Image Image Image Image Image Image Image Image Image Image | April 19, 2024

Scroll to top



[PSN Review] Way of the Samurai 4

Way of the Samurai 4 takes place in the harbor town of Amihama, several years after the arrival of the “black ships” from the West ended Japan’s long history of cultural isolation. Amihama’s downtown area has been converted to a “Little Britain,” complete with European-styled buildings occupied by adventurous foreign settlers. Not everyone welcomes these new residents, though, and three distinct factions with opposing ideals begin to take shape. It’s up to the player – a wandering samurai whom fate has drawn to this conflicted land – to decide which faction to support, potentially shaping the course of Japan’s history.

Will you aid the traditional isolationists in their attempts to exile this potential threat to the Japanese way of life? Will you aid the shogunate government in their attempts to keep the peace and establish cordial (but limited) relations with the foreigner contingent? Or will you aid the foreigners in their attempts to establish silk trade and foster cultural exchange, even at the expense of a few traditions? Who will you support? Who will you betray?

Come join the denizens of this conflicted harbor for upscaled and updated versions of all the series staples you’ve come to expect from Way of the Samurai: branching storylines, multiple endings, event choices, character customization, and all the sword collecting, enhancing and modifying you could possibly ask for.

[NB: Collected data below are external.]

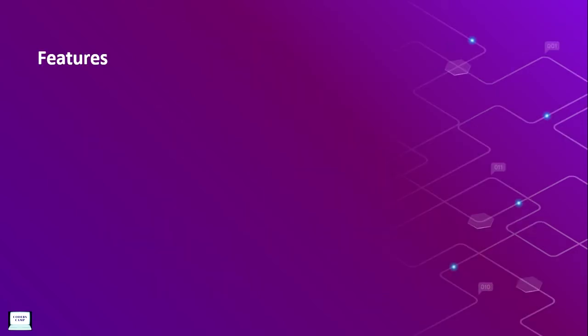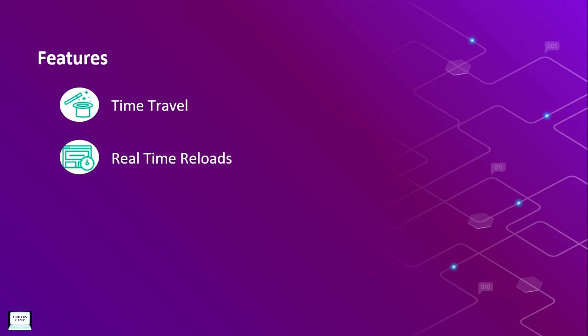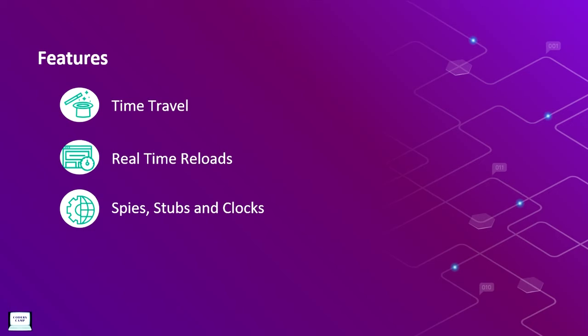What are the features of Cypress? In the Cypress official site, they state these features. The first is time travel, which states Cypress can take screenshots as you run your test. Simply hover over your commands in the command log to see exactly what happened at each step by the screenshot. The next is real-time reloads, where Cypress automatically reloads whenever you make changes to your tests. And the next one is spies, stubs and clocks, which verify and control the behavior of functions, server responses or timers.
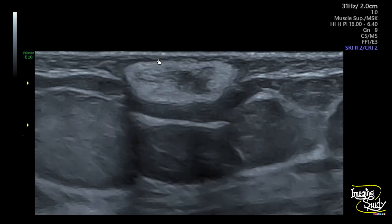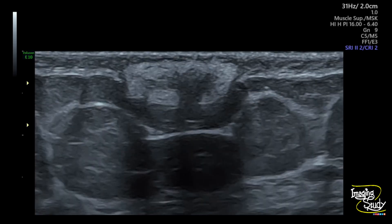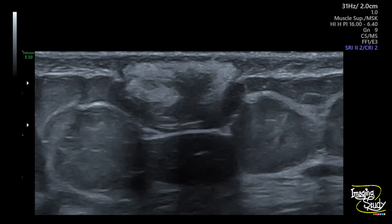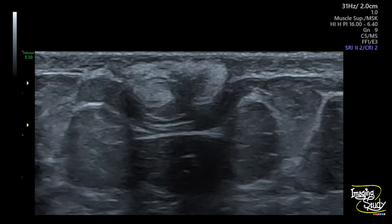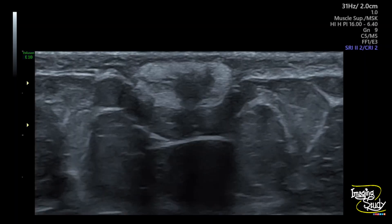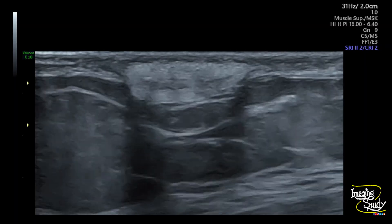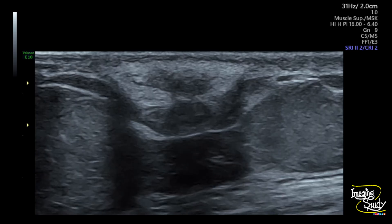Unfortunately I forgot to save the color Doppler pictures — I just found this when I tried to make this video. I can assure you that on color Doppler there was no apparent vascularity here.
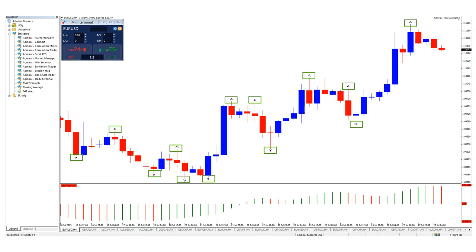The fractal indicator is a great tool as well. The fractals are those green roofs here that you see indicated by the green boxes. All of these mini arrows, in a way, are fractals.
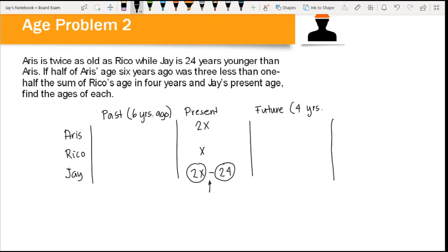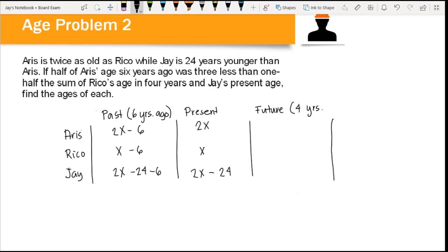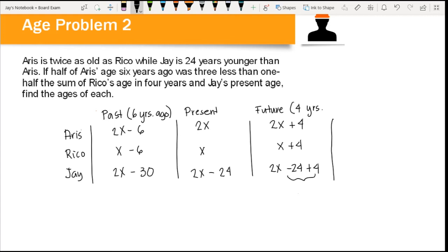We use subtraction for Jay's age because Jay is younger than Aris. In the past (six years ago): Aris is 2x minus 6, Rico is x minus 6, and Jay is 2x minus 24 minus 6, which simplifies to 2x minus 30. In the future (four years from now): Aris is 2x plus 4, Rico is x plus 4, and Jay is 2x minus 24 plus 4, which simplifies to 2x minus 20.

Become the ultimate bastion of virtue or the ultimate disgrace to humanity, and do it however you’d like. The choice is entirely your own…

Choices are the foundation upon which your path will be built, and luckily choices are all over the place in this game. Within the first 10 minutes of the game you are tasked with picking sides between those opposing the foreigners, and the foreigners themselves who are being protected by the shogunate. The choice you make from the start will determine the paths and events you can take in the days you spend at Amihama, and skipping or missing the available events for the day can in turn unlock or block subsequent events and choices.

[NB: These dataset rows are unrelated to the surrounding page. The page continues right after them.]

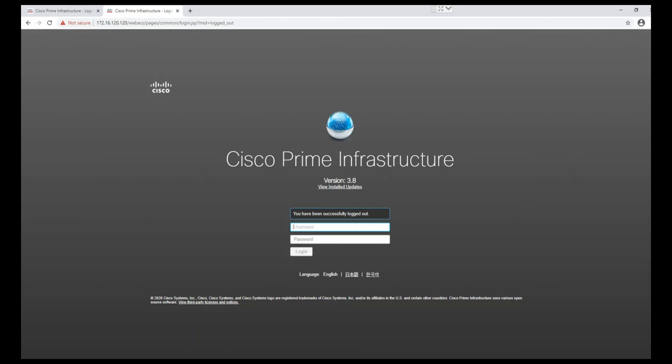Hi guys, welcome to my channel Enterprise Security. This is the second video of my new series on Cisco Prime 3.8. If you missed my previous videos, links are available in the description. In the last videos, we learned how to apply traditional and smart licenses on Cisco Prime. Now we are going to discuss and learn how to add network and compute devices on Cisco Prime.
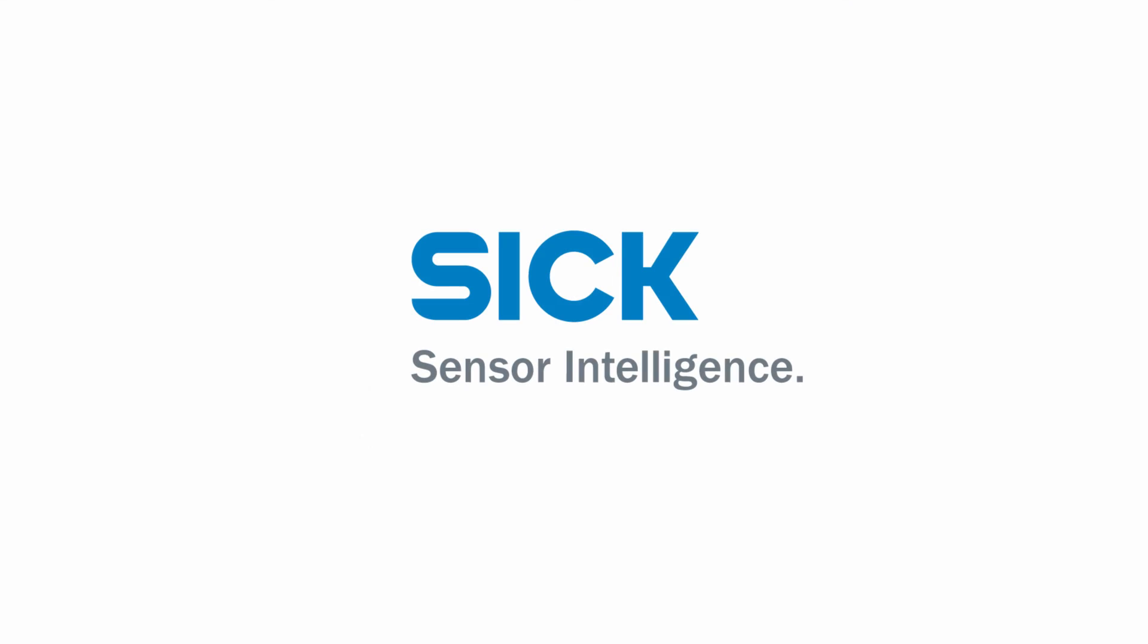That's all for the basic settings of the Bulkscan LMS 511. Thanks for your attention. For further information, please have a look on the operating instructions that you can download from sick.com/bulkscan-LMS-511.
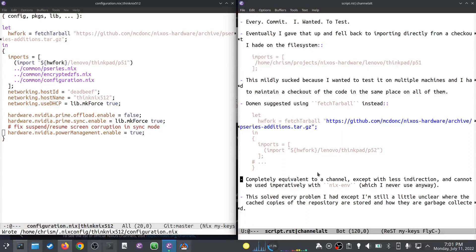Doman's suggestion of `fetchTarball` solved every problem I had. I'm a little unclear where it keeps the cached copies of the repository — I didn't look that hard. What I'd like to be able to do is just go to that directory and blow away the cache, because the tarball TTL is global for every tarball, and that doesn't seem quite right. I'd rather just tell it to really go fetch that tarball. Anyway, that's it — thanks for watching.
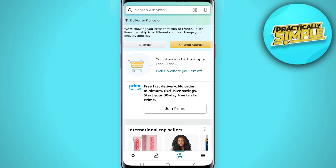Note that we cannot delete any order, but we can archive them, which means we can hide them from order history. To archive them, tap on the option that says archive order at the bottom. You will get a message that says you can only archive 500 orders. Just confirm and that's pretty much it.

When you arrive at Amihama, the conflict is just getting started and you are given a small tutorial on how to engage your enemies in order to avoid defeat (in case you haven’t played any of the other games in the series). You start with a simple sword, and this tool of death can help you get the job done from start to finish, as long as you take good care of it. If you want to diversify your arsenal, you can pick weapons left behind by defeated enemies and keep them in your weapons bag or sell the surplus to get much needed funds for your journey.

An interesting aspect of Way of the Samurai 4 is how you are given an option to interact during most of the cutscenes, doing something as simple as interrupting whoever is speaking by saying something out of place, or giving an answer that could potentially ruin your chances of getting the best ending because you’ve chosen poorly.

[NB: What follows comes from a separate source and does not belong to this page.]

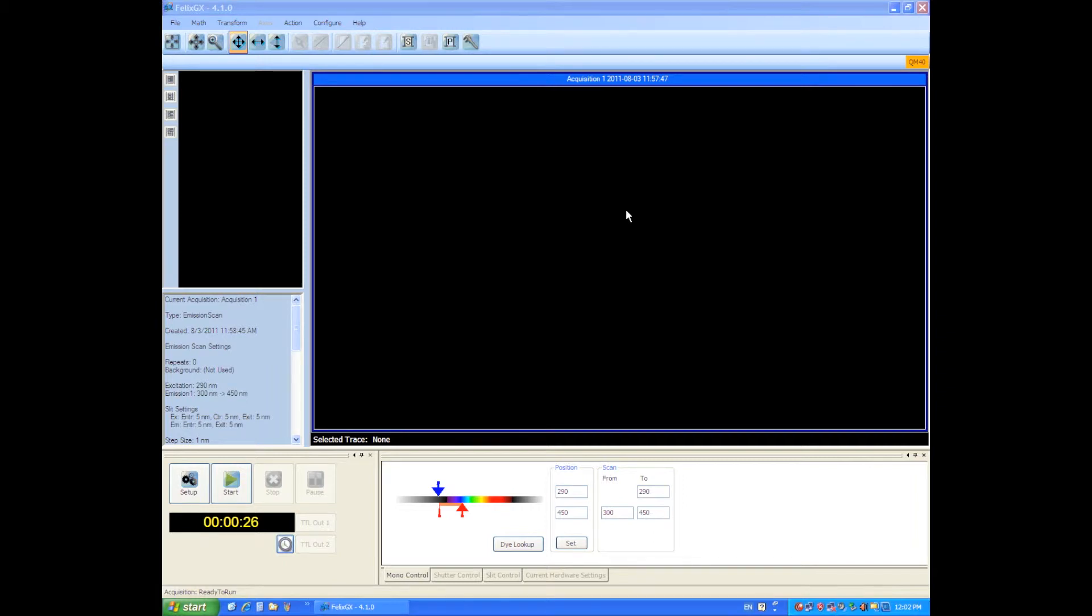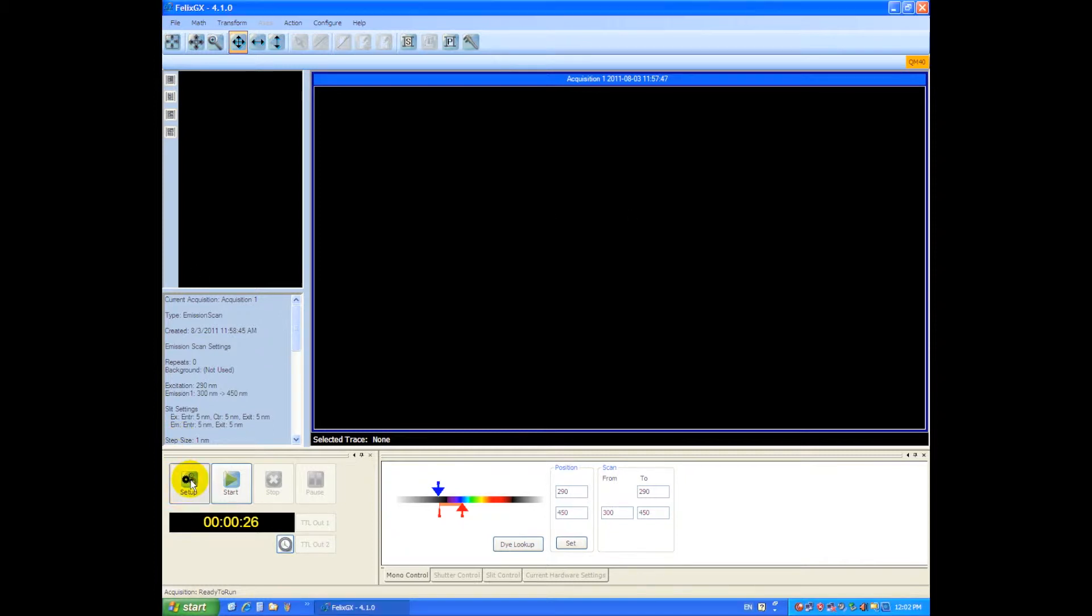All right, welcome back everyone. I'm going to show you how to do a scan after we've configured the instrument. We just go down here and click on this setup button.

There are a LOT of ways you can complete the game, and your first run can be as short as a couple of hours. But as any fan of the series will tell you, Way of the Samurai IV is not about your first run from start to finish, but about your 10th (and beyond). As an example, here is the intro to the trophy guide over at, being worked on by Mitsuru Kirijo:

Way of the Samurai 4 is a game that requires you, on one playthrough, to beat up a character without killing him in order to recruit him as your blacksmith, to then kill him on that or a subsequent playthrough in order to acquire the weapon he carries, to then kill him twice more on two other playthroughs in order to acquire his two alternative weapons, and then, on a fourth playthrough, to again beat him up without killing him in order to recruit him as your blacksmith once more…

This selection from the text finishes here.